It’s pretty amazing how things seem different when you’ve been away awhile. What with a website blow-up, I was up late computing and no television. Last night, the tube. Dave, same. Commercials, what?
It sits across from the couch, in the natural order of things. The television is monster-sized: it would draw a crowd at a sports bar. It is just slightly wider than it is tall – and that should tell you something.
By technology standards, it is a dinosaur. Brontosaurus, I suppose, given its size.
We all know now that the proper television is much, much wider than it is tall. Wide-screen. Technicolor. High-Def.
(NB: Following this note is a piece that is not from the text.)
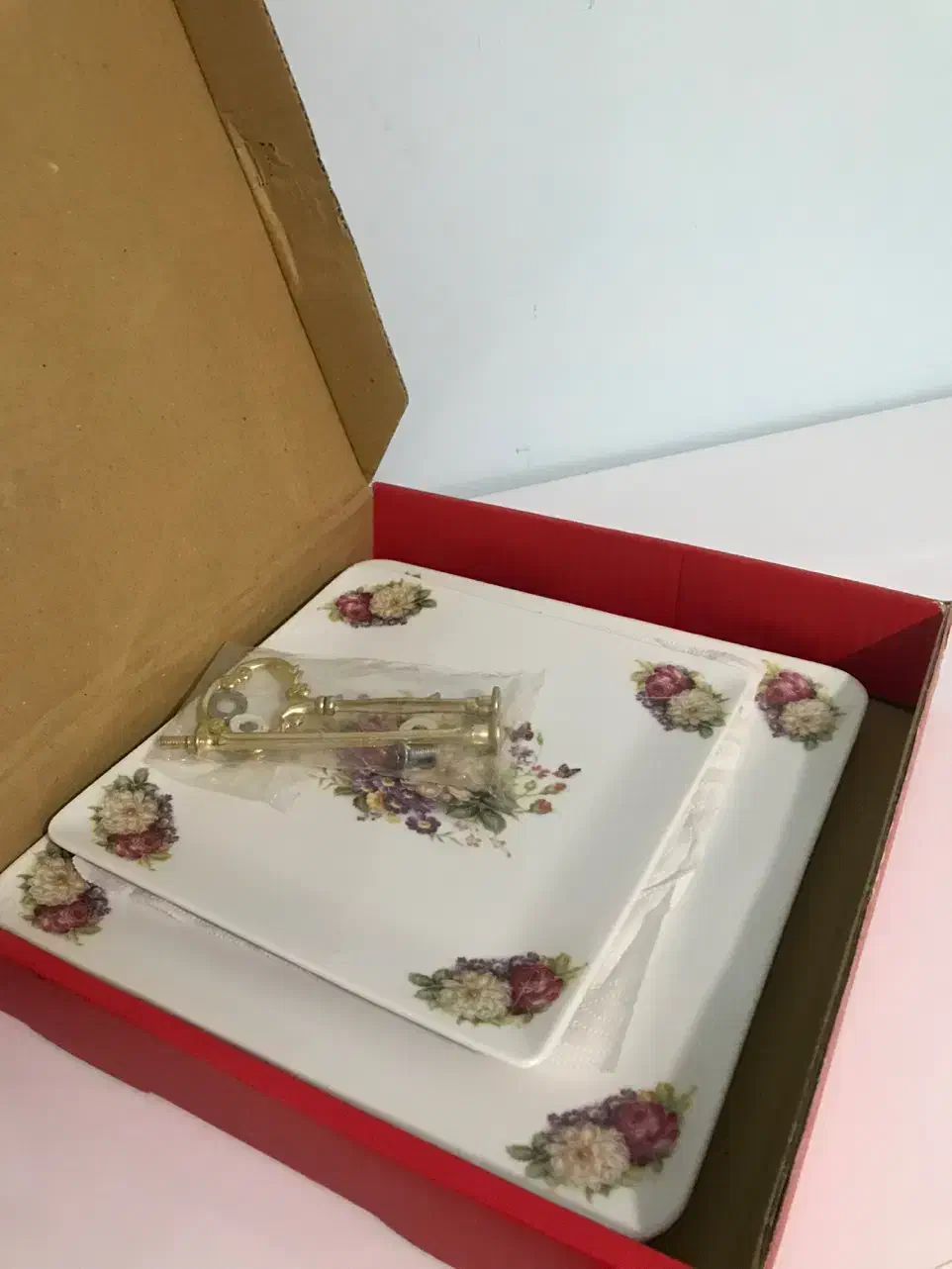 ظروف پذیرایی|ظروف سرو و پذیرایی|زنجان, |دیوار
Surely, the one in the living room isn’t the last of its kind, the last surviving beast of a TV, opening its big eye each evening to search for a mate.
The ad agency responsible for the Arkansas Tourism commercial must believe there are no surviving Low-Defs out there. The beautifully shot commercial is filled with brilliant colors (even at Bronto-Def), but the graphics are positioned at the lower left.
It gives plenty of room to look at the geography of the Natural State, but – unfortunately – on the living room monster, the AR is cut off. All that is visible is:
KANSAS.
I’m sure officials in that state appreciate the free advertising, even if it may be difficult to find those particular tourist stops. I’m tempted to drive up there, just to look.
I may find another Bronto out there somewhere on the Kansas plains, a big-eyed, lonely Low-Def – and who knows?
Maybe later, the pitter-patter of channel changers and the High-Resolution squeals of happy – and complete – screen viewing.